DATA RECORDS:
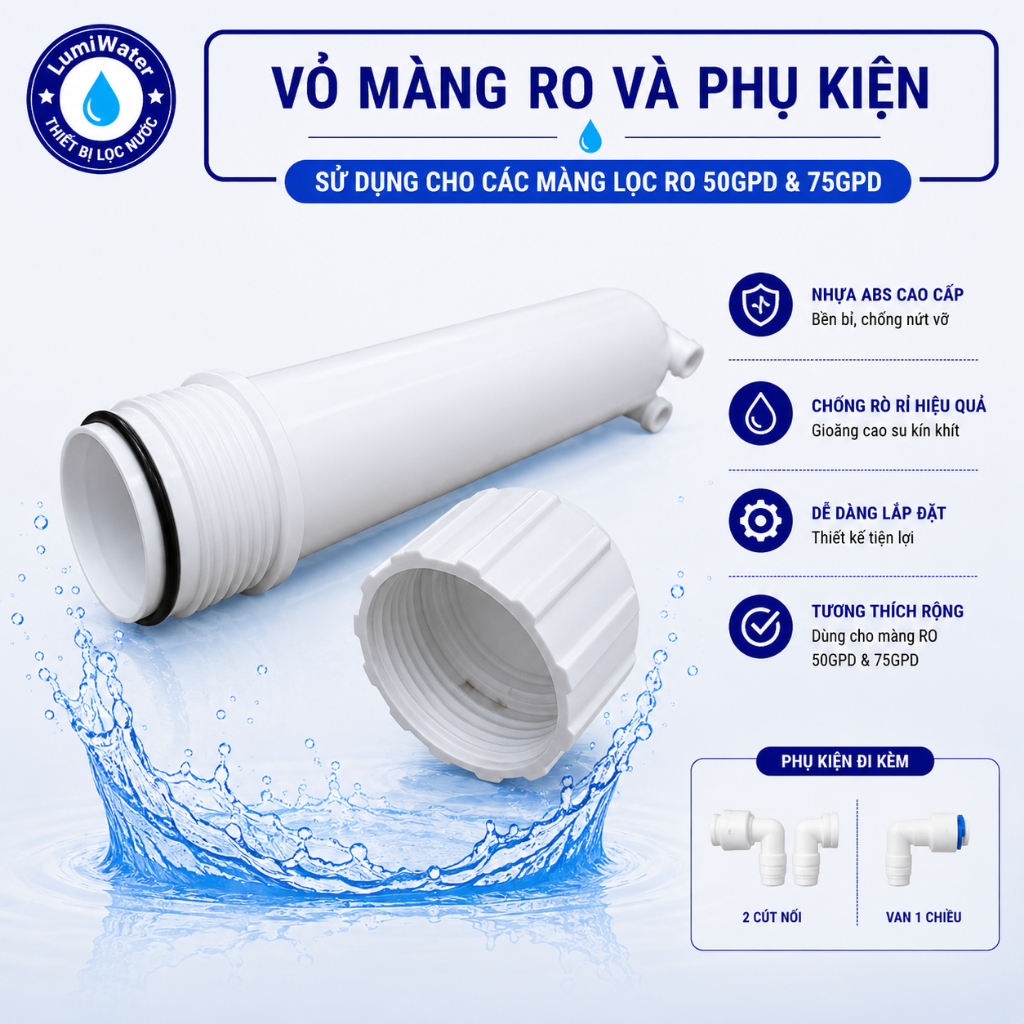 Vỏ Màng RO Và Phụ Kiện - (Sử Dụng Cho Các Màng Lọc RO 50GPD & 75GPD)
==
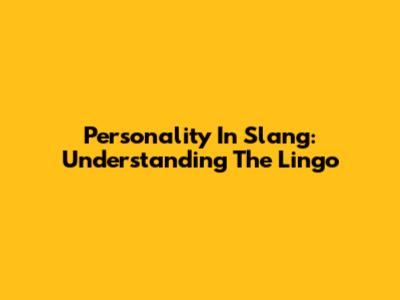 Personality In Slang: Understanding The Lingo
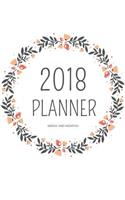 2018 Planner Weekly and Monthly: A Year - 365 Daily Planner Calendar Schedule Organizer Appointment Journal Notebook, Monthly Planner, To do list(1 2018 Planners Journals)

TRY IT: Starting at the line above that holds "Personality In Slang: Understanding", repeat every line exactly down to and including the line that holds "2018 Planner Weekly", then stop. Do not carry over any pictures.

EXERCISE ANSWER:
 Personality In Slang: Understanding The Lingo
 2018 Planner Weekly and Monthly: A Year - 365 Daily Planner Calendar Schedule Organizer Appointment Journal Notebook, Monthly Planner, To do list(1 2018 Planners Journals)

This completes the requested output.